*WORK TASK*: Quote exactly the lines from the one with "A 404 error" to the end of the data, both included; omit the pictures.

*Collected data*:
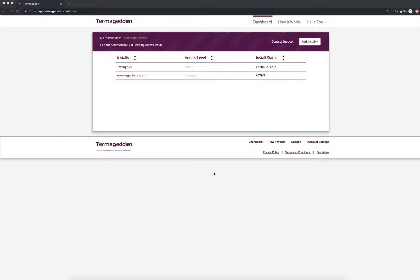Hi everybody, this is Tanada and welcome to another Termageddon explainer video. So today I'm going to show you how to create Terms of Service for your e-commerce website with Termageddon.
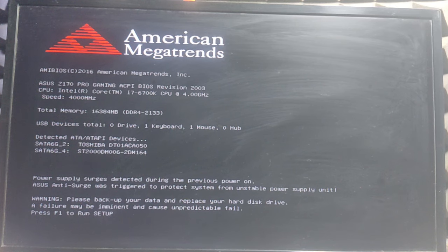Hello guys, welcome. In this video, we're going to solve a simple problem. The problem is a warning: please backup your data and replace your hard disk drive.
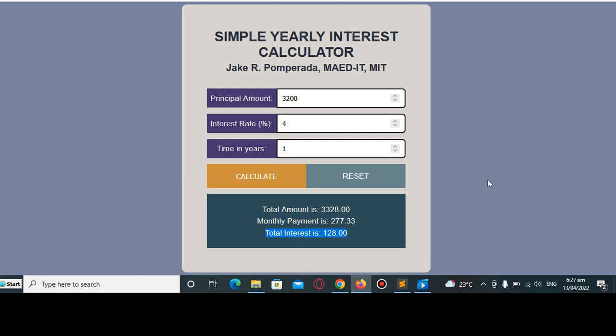Okay guys, so this is the end of our tutorial video for simple yearly interest calculator in JavaScript programming language. Thank you so much for watching, I hope that you have learned in this tutorial video. If you like this video, please hit the like button, click the notification bell, and share...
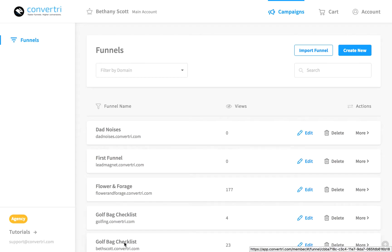A 404 error page is what your visitors see when the page they were looking for cannot be found. Instead of the default browser 404 page, it's easy to set your own.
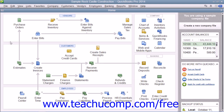QuickBooks Pro displays the home page when you open a company file. The home page provides a starting point that allows you to access many of the most commonly used features of the program. It also shows an overview of the relationships between the various windows within the QuickBooks Pro application.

*SOLUTION TO THE PROBLEM*:
A 404 error page is what your visitors see when the page they were looking for cannot be found. Instead of the default browser 404 page, it's easy to set your own.
QuickBooks Pro displays the home page when you open a company file. The home page provides a starting point that allows you to access many of the most commonly used features of the program. It also shows an overview of the relationships between the various windows within the QuickBooks Pro application.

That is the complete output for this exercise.